Exercise details — Given the records below, would you repeat exactly the lines that begin at the one containing "SuperKissen24. Sitzkissen Bankkissen" and end at the one containing "Gold Floral Filipiniana Wedding Invitation", inclusive?

Task input —
- - -
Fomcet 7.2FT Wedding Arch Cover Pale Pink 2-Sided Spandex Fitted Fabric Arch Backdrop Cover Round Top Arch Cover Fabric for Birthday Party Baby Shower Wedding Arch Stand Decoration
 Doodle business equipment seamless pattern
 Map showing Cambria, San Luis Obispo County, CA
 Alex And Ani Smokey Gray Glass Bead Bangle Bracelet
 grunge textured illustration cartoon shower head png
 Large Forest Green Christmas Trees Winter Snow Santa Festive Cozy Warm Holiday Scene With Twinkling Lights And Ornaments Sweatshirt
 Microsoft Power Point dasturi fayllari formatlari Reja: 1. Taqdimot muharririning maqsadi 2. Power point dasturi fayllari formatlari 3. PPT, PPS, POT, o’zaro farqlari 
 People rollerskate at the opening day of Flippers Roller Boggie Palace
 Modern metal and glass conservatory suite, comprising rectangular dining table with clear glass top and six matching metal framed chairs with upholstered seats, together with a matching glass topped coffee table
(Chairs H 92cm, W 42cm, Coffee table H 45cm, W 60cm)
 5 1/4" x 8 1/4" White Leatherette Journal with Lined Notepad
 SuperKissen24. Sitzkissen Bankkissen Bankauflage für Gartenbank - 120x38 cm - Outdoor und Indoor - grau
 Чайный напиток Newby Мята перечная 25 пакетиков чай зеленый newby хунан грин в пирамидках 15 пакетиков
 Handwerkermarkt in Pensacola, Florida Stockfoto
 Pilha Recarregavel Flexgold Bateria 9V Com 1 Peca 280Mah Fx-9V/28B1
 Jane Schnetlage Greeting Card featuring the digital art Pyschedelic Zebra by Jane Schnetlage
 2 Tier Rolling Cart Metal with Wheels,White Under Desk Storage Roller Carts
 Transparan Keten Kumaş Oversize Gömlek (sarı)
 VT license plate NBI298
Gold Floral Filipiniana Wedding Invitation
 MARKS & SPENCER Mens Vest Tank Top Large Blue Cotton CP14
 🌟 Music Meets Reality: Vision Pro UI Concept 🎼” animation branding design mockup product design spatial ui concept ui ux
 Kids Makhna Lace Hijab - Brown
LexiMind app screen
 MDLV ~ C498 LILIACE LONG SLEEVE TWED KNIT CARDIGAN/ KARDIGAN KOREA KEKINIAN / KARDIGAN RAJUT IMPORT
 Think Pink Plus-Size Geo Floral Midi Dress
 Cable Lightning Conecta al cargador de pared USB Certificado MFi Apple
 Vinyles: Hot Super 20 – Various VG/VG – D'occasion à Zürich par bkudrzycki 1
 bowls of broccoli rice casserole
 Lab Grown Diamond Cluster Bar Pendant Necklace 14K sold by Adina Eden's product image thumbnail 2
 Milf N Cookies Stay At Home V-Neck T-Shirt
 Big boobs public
- - -
Answer section —
 SuperKissen24. Sitzkissen Bankkissen Bankauflage für Gartenbank - 120x38 cm - Outdoor und Indoor - grau
 Чайный напиток Newby Мята перечная 25 пакетиков чай зеленый newby хунан грин в пирамидках 15 пакетиков
 Handwerkermarkt in Pensacola, Florida Stockfoto
 Pilha Recarregavel Flexgold Bateria 9V Com 1 Peca 280Mah Fx-9V/28B1
 Jane Schnetlage Greeting Card featuring the digital art Pyschedelic Zebra by Jane Schnetlage
 2 Tier Rolling Cart Metal with Wheels,White Under Desk Storage Roller Carts
 Transparan Keten Kumaş Oversize Gömlek (sarı)
 VT license plate NBI298
Gold Floral Filipiniana Wedding Invitation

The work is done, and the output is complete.